Su texto puede leerse como una denuncia al miedo a la diferencia. ¿Es así?

O como una vindicación de la identidad fragmentada, en tanto que lugar fértil para el pensamiento.

“De cerca y de lejos” es un libro autobiográfico de Lévi-Strauss. Ese título parece redefinir su relación con Colombia.

O “Entre más lejos más cerca y entre más cerca más lejos” y siempre en un conflicto productivo con una de esas dos paradojas que son (paradójicamente) la misma.

- Esta exposición se llama un lugar en el mundo y se refiere a Colombia. La idea de lugar está inspirada en Marc Augé, como usted ya sabe, que define el lugar como un sitio antropológico, en el que un sujeto tiene sentido histórico, sentido de identidad y en el cual establece relaciones existenciales. El “no lugar” sería, por el contrario, el sitio donde el sujeto no tiene vínculos relacionales, ni sentido de permanencia, ni sentido histórico. Augé plantea estas dos definiciones como polaridades falsas ya que, a su manera de ver, el sujeto en el mundo contemporáneo necesita hacer una permanente negociación entre “el lugar” y el “no lugar”. De esta manera, “su lugar” le resulta a veces agobiante, con un peso histórico y de compromiso difícil de soportar, y entonces prefiere “dar una vuelta”, donde nadie lo conoce, donde no tiene ningún compromiso; prefiere darse una vuelta por un no lugar. Pero, curiosamente, después de sus “paseos” por esos “no lugares”, se ve obligado a volver, ya que simplemente no puede vivir en un centro comercial o en un aeropuerto. Usted vive hace ya tiempo fuera de Colombia, entonces es un artista perfecto para preguntarle: en qué medida o, mejor, cuándo, Colombia es un lugar para usted.

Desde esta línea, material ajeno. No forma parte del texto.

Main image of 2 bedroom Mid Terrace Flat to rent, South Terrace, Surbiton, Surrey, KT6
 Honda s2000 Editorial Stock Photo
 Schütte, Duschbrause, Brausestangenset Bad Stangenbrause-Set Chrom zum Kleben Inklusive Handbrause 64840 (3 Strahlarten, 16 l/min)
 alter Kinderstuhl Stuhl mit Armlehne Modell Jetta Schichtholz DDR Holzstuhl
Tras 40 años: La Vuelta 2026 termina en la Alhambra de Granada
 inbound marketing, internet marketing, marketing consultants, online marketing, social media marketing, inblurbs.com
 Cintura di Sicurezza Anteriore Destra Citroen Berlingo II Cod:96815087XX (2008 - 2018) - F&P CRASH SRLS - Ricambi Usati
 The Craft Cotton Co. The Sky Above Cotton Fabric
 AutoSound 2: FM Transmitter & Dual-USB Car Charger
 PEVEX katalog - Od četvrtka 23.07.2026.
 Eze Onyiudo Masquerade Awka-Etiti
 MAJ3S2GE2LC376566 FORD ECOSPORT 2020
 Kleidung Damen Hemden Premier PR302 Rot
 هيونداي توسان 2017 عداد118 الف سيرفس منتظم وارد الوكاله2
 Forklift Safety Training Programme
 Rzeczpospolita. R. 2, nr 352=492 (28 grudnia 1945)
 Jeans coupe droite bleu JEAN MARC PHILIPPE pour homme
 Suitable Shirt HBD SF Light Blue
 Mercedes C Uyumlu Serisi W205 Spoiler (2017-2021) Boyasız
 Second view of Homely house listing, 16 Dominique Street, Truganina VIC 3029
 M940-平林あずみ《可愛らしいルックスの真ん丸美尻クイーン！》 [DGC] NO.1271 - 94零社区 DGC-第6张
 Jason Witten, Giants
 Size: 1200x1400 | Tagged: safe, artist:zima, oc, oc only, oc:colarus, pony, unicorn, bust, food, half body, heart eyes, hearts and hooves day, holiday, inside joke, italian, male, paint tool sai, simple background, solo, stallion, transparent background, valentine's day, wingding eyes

Hace rato quiero hacer un video sobre Cali que se llamará “Cali es mi Criptonita”. Llevando esto a lo personal como usted me lo pide, lo de Augé se acomoda bastante bien a lo que he sentido afectivamente en mi vida. La diferencia es que los “no lugares” no son necesariamente los lobbies de los hoteles donde nada es de nadie. Los “no lugares” pueden ser también sitios donde uno ha construido su vida, donde ya las cosas tienen resonancia con lo propio. Donde hay una casa, hay hijos, hay historias labradas en idiomas extranjeros. Pero hay un nivel en el que lo que está oculto en la tierra de la infancia no perdona; lo que ese sitio tiene de “lugar” para uno no lo tiene ningún otro —aclaro que aún las mismas contradicciones de los primeros años pueden constituir ese “lugar”—. Volviendo al cabezazo de Zidane que tanto me ha fascinado en estos días: en la última hora hay algo que necesita decirse; algo que no es de la conciencia del hombre; no es de su ser deportista; no es de su ser ciudadano, ni de su condición como atleta modelo de los niños; algo enterrado en la psique más profunda. Lo que en él quiere hablar con urgencia, a cinco minutos del final, es un dolor viejo; una historia que no la borra ninguna vida ejemplar; ninguna existencia honorífica como personalidad de los medios -media personality-. Ese algo es precisamente la resistencia a vivir en el “no lugar” donde viven los proto-hombres, rolemodels que fabrica la sociedad del espectáculo -más aún cuando se jubilan al Olimpo sepia de sabios inmortales-. Aparece el viejo dolor, la rabia del Kabyle en La Castellane, del argelino en Marsella; el que se convirtió, paradoja de una vida épica, en un francés que representa a Francia ante al mundo. El judas Materazzi, que conoce bien el paso de Zidane por la liga italiana, está ahí presente, con un antiguo libreto en la mano; listo a tocarlo en el “lugar” más íntimo del corazón; en la calle ruda y violenta que le tocó vivir de niño; la que sigue idéntica ahí adentro. A cinco minutos del final, el corazón necesita delatarlo todo ante el mundo.